--- PROVIDED DATA Enclosed Below ---
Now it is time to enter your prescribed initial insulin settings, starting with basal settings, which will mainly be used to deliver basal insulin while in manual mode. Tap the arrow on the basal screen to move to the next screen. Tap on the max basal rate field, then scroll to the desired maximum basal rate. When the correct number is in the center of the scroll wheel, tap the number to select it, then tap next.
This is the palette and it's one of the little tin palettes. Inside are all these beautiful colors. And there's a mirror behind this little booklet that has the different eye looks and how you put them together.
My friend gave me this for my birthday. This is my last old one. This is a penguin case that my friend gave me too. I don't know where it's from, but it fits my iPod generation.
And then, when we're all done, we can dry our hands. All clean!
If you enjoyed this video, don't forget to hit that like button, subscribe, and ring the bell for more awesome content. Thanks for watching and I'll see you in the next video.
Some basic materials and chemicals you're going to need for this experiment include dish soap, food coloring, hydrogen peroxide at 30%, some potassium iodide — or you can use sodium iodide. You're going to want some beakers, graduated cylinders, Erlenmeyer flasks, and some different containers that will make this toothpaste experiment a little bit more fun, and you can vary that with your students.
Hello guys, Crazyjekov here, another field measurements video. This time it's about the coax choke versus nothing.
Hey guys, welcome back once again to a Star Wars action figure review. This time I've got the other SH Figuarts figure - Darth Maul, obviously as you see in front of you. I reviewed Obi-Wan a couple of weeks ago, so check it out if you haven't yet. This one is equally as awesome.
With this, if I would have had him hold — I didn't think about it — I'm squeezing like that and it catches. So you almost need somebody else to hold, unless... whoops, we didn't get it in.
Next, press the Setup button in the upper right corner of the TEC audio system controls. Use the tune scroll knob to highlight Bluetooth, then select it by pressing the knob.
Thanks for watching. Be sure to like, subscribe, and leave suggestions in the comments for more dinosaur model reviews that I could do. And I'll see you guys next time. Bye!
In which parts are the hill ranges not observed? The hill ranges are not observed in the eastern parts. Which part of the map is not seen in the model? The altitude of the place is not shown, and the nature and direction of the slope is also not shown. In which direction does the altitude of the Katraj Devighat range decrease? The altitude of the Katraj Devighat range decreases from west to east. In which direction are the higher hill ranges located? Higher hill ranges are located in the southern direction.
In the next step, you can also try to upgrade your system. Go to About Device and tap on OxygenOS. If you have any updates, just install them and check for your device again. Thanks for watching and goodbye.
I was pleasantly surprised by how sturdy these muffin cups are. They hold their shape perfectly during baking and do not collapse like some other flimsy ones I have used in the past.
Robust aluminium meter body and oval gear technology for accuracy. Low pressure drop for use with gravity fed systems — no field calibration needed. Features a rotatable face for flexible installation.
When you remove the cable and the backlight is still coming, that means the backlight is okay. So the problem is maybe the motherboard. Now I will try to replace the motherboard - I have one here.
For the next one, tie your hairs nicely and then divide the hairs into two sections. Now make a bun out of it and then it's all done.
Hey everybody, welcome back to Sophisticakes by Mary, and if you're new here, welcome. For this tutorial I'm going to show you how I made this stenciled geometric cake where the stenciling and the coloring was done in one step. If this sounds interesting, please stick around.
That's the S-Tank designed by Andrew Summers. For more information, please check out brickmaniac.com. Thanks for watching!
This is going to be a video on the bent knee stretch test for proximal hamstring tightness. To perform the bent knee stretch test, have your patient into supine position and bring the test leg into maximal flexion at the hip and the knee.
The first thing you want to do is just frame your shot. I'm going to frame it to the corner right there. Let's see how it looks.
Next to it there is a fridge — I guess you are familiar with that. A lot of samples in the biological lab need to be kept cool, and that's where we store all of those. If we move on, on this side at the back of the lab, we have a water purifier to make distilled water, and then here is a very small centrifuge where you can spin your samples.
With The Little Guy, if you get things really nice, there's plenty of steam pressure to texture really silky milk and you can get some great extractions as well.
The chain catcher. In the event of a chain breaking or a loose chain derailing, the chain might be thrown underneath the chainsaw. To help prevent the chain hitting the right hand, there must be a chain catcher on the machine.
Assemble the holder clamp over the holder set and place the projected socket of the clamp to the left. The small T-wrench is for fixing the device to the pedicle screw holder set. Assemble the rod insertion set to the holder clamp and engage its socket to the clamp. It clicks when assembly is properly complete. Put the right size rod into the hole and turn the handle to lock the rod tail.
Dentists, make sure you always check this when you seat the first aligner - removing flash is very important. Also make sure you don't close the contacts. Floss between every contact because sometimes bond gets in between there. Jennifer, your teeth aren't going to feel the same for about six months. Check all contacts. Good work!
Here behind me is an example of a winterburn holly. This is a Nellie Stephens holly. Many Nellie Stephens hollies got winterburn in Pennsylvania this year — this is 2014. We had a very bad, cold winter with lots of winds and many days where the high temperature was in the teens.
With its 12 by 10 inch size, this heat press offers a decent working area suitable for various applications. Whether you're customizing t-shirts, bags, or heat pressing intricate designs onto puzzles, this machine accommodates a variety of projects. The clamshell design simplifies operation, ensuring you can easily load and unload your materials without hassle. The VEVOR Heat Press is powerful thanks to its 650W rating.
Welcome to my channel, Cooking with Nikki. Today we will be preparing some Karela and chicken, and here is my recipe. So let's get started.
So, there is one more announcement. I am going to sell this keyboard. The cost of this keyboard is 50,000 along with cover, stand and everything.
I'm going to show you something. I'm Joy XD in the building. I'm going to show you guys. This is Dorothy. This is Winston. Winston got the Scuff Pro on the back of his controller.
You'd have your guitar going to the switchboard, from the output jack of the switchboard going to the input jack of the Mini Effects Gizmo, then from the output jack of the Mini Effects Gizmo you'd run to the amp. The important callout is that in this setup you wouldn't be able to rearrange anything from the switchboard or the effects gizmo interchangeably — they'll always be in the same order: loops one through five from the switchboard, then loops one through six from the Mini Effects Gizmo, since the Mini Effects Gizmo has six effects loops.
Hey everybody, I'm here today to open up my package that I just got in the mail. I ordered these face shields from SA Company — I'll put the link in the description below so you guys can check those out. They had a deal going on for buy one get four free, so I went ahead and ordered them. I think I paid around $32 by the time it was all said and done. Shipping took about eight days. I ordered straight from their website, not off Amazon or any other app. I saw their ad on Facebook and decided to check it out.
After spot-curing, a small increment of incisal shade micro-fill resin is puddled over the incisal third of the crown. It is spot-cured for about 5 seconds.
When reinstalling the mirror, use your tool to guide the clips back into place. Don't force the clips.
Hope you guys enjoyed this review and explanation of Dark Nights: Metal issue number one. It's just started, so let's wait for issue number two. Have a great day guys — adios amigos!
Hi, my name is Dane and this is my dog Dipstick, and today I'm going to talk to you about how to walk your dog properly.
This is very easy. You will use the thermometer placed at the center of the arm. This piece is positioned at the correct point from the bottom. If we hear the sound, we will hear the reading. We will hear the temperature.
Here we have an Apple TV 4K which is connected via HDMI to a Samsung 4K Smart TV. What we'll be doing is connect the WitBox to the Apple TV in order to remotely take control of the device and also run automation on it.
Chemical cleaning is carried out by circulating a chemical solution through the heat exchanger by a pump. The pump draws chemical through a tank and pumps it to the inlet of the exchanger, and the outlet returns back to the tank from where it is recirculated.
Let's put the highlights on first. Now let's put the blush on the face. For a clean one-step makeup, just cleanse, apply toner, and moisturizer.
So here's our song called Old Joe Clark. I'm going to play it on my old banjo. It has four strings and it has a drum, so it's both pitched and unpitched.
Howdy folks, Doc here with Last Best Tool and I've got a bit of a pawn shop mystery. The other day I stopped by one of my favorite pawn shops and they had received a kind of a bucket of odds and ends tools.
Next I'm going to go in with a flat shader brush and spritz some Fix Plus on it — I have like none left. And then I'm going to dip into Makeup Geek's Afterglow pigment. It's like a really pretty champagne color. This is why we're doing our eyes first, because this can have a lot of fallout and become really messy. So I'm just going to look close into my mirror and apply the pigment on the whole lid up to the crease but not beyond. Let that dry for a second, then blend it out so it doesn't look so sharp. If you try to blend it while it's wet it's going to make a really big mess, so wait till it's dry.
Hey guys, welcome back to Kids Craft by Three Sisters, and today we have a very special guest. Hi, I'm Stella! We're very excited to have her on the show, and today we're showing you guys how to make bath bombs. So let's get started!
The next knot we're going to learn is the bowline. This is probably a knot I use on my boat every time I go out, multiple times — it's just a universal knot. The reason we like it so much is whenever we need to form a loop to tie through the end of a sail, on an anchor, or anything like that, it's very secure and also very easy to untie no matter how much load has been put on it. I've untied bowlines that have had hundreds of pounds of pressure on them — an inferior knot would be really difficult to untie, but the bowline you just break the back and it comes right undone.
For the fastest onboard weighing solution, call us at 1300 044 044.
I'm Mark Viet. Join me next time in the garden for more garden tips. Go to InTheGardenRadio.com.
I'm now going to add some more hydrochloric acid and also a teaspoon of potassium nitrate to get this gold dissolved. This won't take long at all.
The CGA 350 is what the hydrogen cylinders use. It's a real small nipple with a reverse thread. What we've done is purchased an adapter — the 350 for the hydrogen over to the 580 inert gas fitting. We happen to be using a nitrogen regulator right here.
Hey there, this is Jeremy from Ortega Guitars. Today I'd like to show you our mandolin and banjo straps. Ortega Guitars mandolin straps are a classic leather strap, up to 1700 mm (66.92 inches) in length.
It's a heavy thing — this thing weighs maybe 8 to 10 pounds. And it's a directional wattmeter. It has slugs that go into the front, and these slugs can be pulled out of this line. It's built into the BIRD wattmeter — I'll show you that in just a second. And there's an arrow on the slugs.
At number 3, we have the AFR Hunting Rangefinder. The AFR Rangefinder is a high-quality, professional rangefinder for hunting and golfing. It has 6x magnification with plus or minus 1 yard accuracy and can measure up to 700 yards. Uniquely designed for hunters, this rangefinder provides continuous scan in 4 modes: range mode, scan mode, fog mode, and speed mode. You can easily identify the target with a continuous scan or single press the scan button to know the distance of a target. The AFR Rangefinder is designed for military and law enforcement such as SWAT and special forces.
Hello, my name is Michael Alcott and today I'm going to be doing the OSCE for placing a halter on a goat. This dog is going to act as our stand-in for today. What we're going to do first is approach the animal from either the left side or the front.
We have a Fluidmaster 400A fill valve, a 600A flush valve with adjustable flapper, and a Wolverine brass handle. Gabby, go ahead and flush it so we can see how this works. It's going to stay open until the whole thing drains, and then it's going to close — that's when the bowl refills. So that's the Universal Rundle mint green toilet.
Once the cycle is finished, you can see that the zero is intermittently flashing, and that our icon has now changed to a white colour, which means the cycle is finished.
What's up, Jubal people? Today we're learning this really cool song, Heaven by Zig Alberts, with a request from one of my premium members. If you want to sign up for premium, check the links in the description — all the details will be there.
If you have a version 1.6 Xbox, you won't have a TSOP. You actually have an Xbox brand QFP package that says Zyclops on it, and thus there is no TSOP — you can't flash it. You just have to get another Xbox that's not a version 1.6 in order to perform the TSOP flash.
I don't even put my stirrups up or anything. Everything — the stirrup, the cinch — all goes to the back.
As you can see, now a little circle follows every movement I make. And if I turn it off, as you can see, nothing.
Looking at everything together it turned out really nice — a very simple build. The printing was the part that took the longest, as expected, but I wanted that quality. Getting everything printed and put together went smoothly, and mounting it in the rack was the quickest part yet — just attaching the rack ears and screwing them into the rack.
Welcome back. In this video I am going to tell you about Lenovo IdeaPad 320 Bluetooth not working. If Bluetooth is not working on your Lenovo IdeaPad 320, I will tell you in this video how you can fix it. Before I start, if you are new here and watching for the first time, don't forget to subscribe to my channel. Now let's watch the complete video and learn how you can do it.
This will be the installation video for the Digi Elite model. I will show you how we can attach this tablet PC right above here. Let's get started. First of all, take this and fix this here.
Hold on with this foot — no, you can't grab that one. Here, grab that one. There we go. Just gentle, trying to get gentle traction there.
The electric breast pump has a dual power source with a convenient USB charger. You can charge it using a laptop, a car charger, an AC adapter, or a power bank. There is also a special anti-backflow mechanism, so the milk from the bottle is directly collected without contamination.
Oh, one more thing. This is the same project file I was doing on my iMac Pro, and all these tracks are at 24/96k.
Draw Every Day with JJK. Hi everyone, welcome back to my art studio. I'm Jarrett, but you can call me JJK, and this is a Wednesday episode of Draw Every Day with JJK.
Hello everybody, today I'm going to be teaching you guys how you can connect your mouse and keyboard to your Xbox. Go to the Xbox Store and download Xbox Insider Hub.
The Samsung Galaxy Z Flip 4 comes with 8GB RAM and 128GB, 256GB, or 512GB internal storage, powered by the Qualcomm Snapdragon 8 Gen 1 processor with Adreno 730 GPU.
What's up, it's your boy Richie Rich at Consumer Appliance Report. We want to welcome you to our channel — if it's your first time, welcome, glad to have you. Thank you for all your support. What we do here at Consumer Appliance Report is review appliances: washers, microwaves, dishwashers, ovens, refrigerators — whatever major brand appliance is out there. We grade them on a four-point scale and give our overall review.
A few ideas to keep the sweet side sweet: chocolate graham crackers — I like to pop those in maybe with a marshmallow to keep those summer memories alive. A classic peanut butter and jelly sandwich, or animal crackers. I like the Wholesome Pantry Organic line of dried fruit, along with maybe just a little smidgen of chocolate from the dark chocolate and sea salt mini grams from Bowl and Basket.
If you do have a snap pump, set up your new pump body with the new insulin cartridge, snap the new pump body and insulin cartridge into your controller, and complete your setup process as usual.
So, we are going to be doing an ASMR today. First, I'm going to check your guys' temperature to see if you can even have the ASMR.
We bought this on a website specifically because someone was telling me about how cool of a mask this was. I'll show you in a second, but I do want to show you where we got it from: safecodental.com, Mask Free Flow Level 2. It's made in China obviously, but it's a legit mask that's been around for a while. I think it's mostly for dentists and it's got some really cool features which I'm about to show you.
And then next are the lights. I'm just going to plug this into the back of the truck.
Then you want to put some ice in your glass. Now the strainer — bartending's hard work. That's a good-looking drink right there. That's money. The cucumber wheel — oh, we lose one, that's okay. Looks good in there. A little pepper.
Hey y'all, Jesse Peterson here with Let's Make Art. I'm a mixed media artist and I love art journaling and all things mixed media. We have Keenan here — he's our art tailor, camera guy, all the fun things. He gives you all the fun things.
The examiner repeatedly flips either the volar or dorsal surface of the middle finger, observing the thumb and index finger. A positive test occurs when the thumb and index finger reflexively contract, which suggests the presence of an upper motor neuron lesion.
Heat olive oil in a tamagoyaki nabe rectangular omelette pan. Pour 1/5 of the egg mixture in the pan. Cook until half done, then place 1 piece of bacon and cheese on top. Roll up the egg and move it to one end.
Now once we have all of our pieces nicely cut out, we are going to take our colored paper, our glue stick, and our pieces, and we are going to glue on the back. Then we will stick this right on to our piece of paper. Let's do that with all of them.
--- End of Enclosed PROVIDED DATA ---
● WHAT TO DO: Look through the entries above. Extract each line with the word "behind".

● EXERCISE OUTPUT:
This is the palette and it's one of the little tin palettes. Inside are all these beautiful colors. And there's a mirror behind this little booklet that has the different eye looks and how you put them together.
Here behind me is an example of a winterburn holly. This is a Nellie Stephens holly. Many Nellie Stephens hollies got winterburn in Pennsylvania this year — this is 2014. We had a very bad, cold winter with lots of winds and many days where the high temperature was in the teens.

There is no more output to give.